*Exercise objective*:
Beginning at the line containing "Inside you will", repeat each line below exactly up to and including the line containing "This provides guidance". Do not repeat the pictures.

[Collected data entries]
***
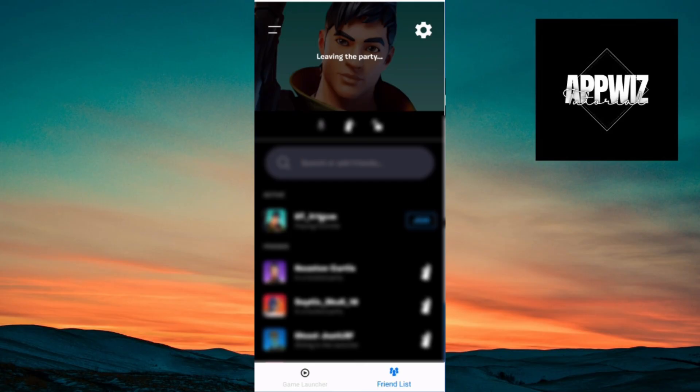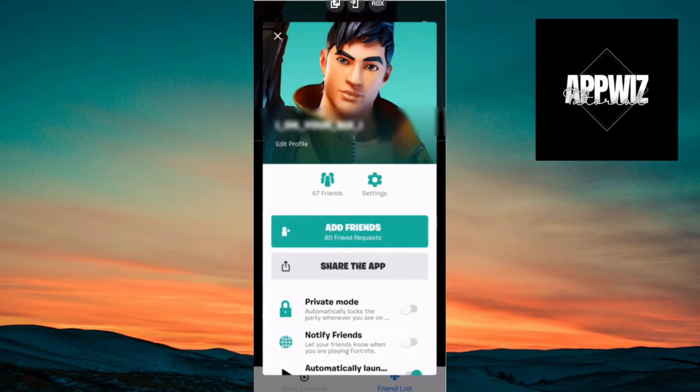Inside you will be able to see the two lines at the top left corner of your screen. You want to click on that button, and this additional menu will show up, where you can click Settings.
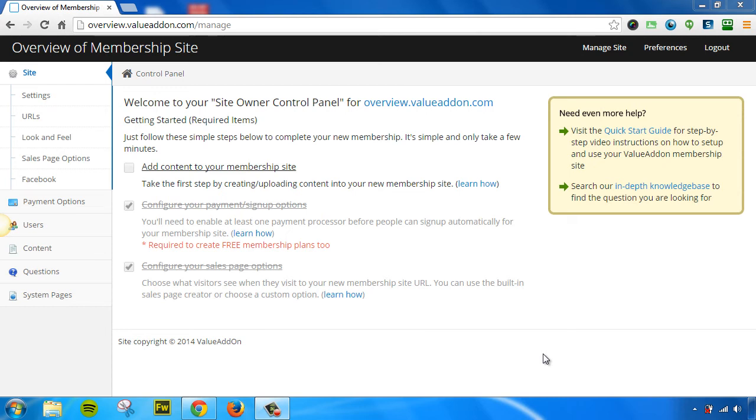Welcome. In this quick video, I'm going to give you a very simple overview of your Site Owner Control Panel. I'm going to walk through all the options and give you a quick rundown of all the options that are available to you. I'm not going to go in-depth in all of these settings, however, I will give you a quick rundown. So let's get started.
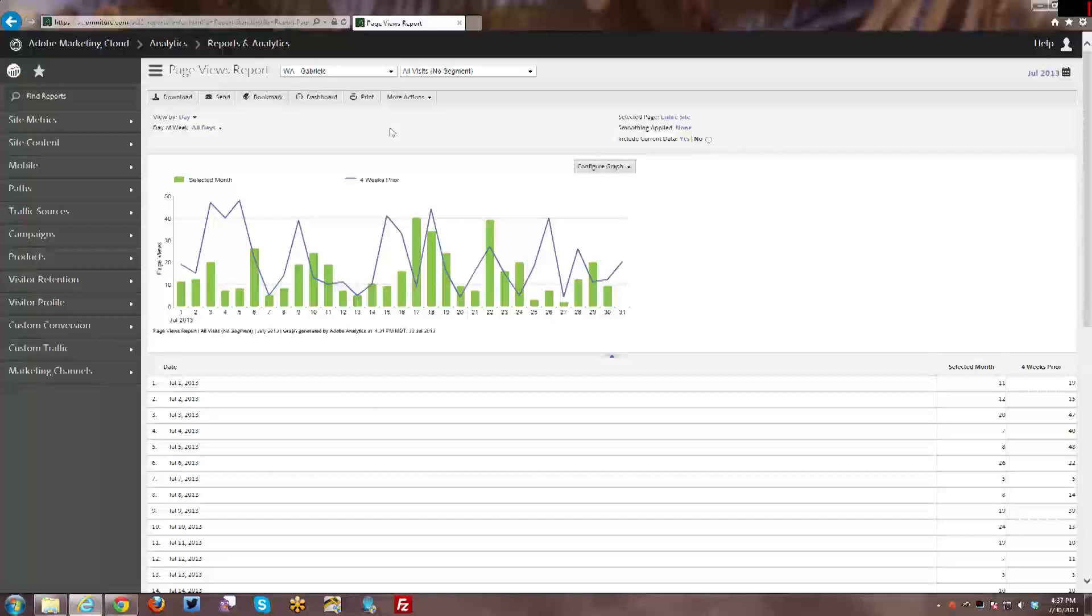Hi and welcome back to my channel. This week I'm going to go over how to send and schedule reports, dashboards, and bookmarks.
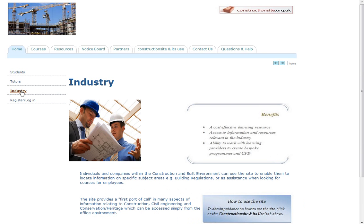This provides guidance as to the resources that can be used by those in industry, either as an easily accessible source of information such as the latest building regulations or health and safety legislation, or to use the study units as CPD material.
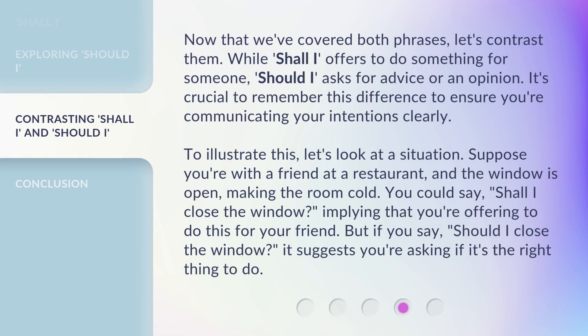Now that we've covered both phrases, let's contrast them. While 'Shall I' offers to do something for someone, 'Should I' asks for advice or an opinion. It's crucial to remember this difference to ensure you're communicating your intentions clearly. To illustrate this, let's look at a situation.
***
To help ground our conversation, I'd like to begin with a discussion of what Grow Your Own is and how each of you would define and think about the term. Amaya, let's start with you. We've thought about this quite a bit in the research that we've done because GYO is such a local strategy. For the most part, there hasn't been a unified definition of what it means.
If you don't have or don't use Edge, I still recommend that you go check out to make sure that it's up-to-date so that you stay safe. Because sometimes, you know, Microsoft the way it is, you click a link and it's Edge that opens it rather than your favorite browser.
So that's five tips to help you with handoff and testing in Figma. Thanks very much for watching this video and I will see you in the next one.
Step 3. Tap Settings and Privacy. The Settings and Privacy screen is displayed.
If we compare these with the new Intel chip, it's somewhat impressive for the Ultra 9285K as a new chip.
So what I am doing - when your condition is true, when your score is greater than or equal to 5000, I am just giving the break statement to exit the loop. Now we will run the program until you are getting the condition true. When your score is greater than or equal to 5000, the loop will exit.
***
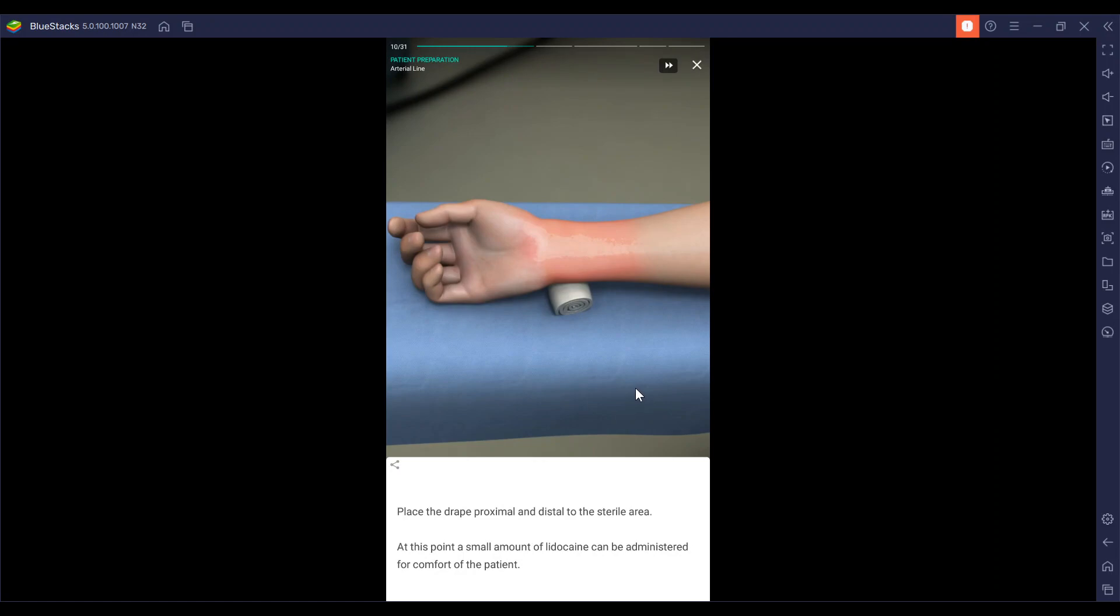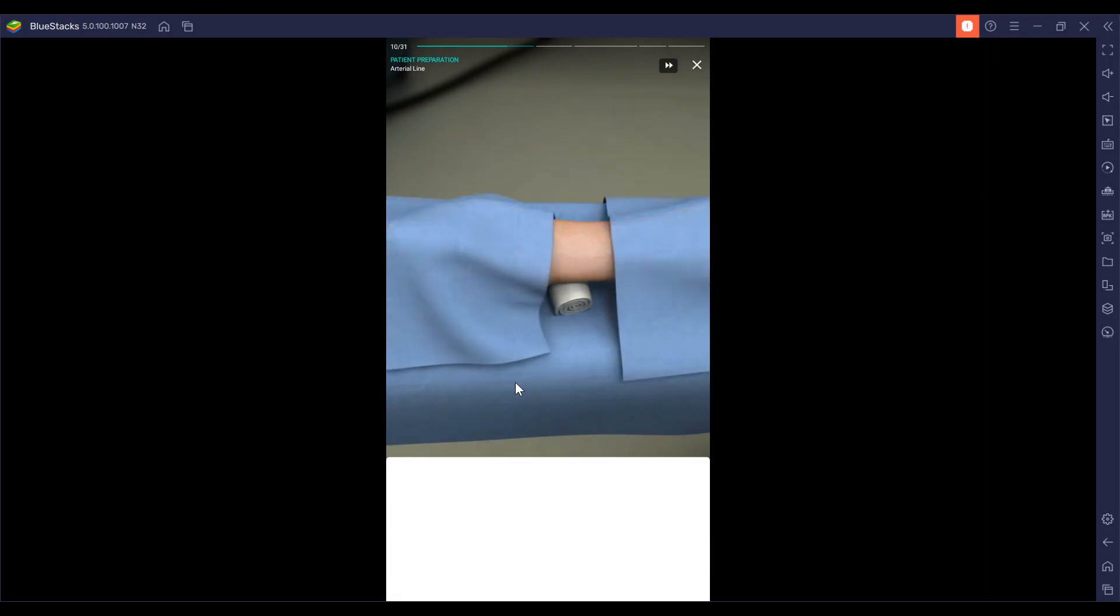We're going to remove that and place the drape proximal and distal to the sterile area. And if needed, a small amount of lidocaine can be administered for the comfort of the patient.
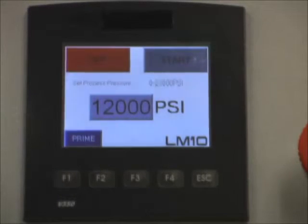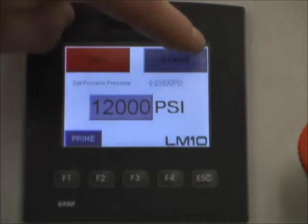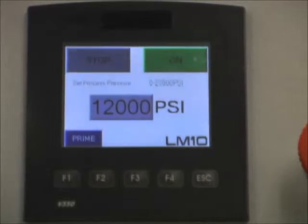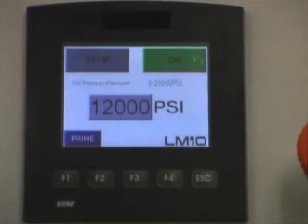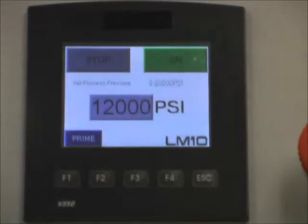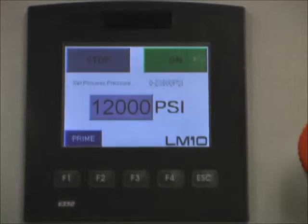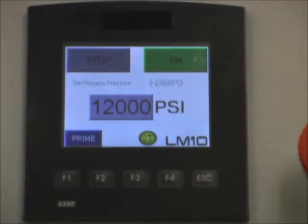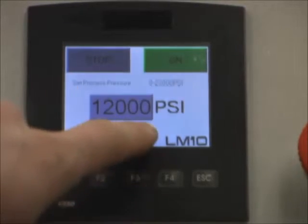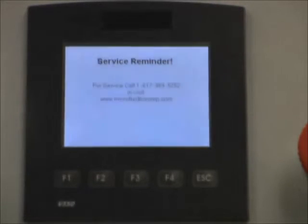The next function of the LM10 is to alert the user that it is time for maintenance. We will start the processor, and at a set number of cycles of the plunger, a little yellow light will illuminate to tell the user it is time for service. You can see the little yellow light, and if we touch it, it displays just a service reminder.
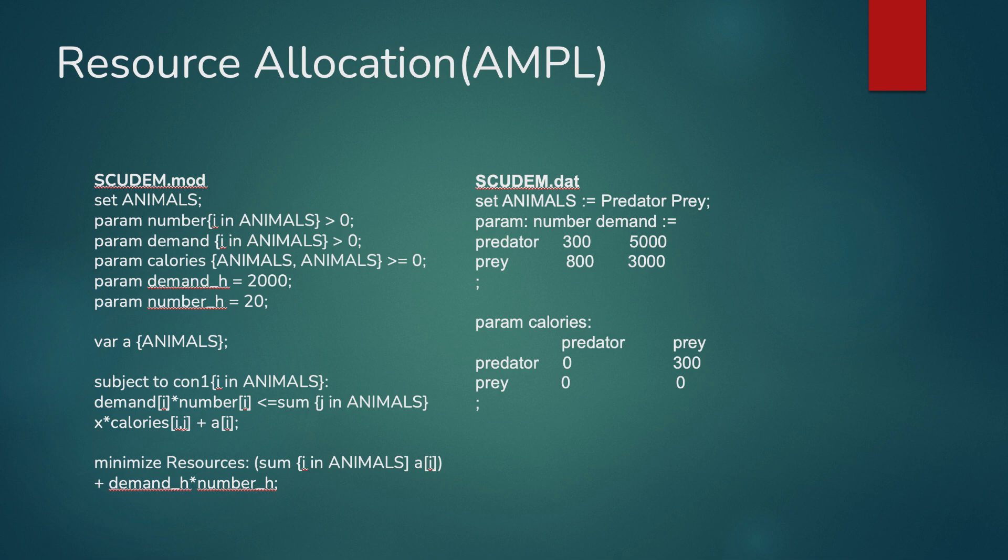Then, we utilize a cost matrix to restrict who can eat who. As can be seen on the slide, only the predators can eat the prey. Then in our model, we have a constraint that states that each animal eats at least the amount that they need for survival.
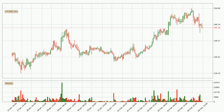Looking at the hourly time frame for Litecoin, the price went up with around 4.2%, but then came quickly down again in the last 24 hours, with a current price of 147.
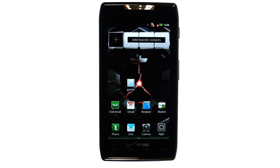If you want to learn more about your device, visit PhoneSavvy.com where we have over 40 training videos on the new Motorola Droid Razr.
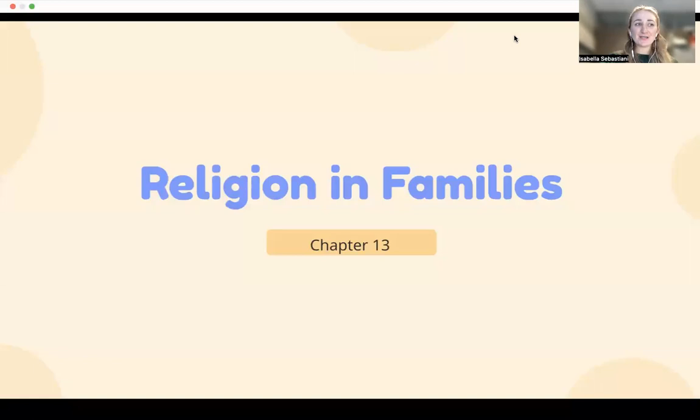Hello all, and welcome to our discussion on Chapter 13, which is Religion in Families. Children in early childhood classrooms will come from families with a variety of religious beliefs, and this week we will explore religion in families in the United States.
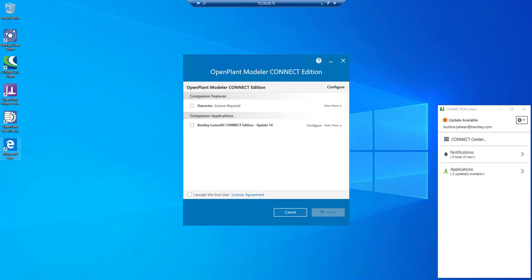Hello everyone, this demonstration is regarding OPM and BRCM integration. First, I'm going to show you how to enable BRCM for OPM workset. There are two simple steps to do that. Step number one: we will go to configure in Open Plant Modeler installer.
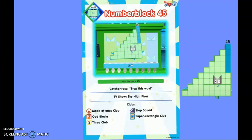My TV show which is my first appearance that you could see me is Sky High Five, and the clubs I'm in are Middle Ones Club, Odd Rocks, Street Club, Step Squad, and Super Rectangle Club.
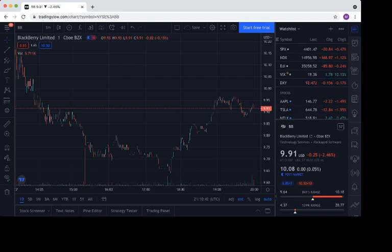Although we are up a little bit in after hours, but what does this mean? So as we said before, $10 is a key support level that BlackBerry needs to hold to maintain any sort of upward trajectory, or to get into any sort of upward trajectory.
***
*Answer box*:
Inside you will be able to see the two lines at the top left corner of your screen. You want to click on that button, and this additional menu will show up, where you can click Settings.
Welcome. In this quick video, I'm going to give you a very simple overview of your Site Owner Control Panel. I'm going to walk through all the options and give you a quick rundown of all the options that are available to you. I'm not going to go in-depth in all of these settings, however, I will give you a quick rundown. So let's get started.
Hi and welcome back to my channel. This week I'm going to go over how to send and schedule reports, dashboards, and bookmarks.
This provides guidance as to the resources that can be used by those in industry, either as an easily accessible source of information such as the latest building regulations or health and safety legislation, or to use the study units as CPD material.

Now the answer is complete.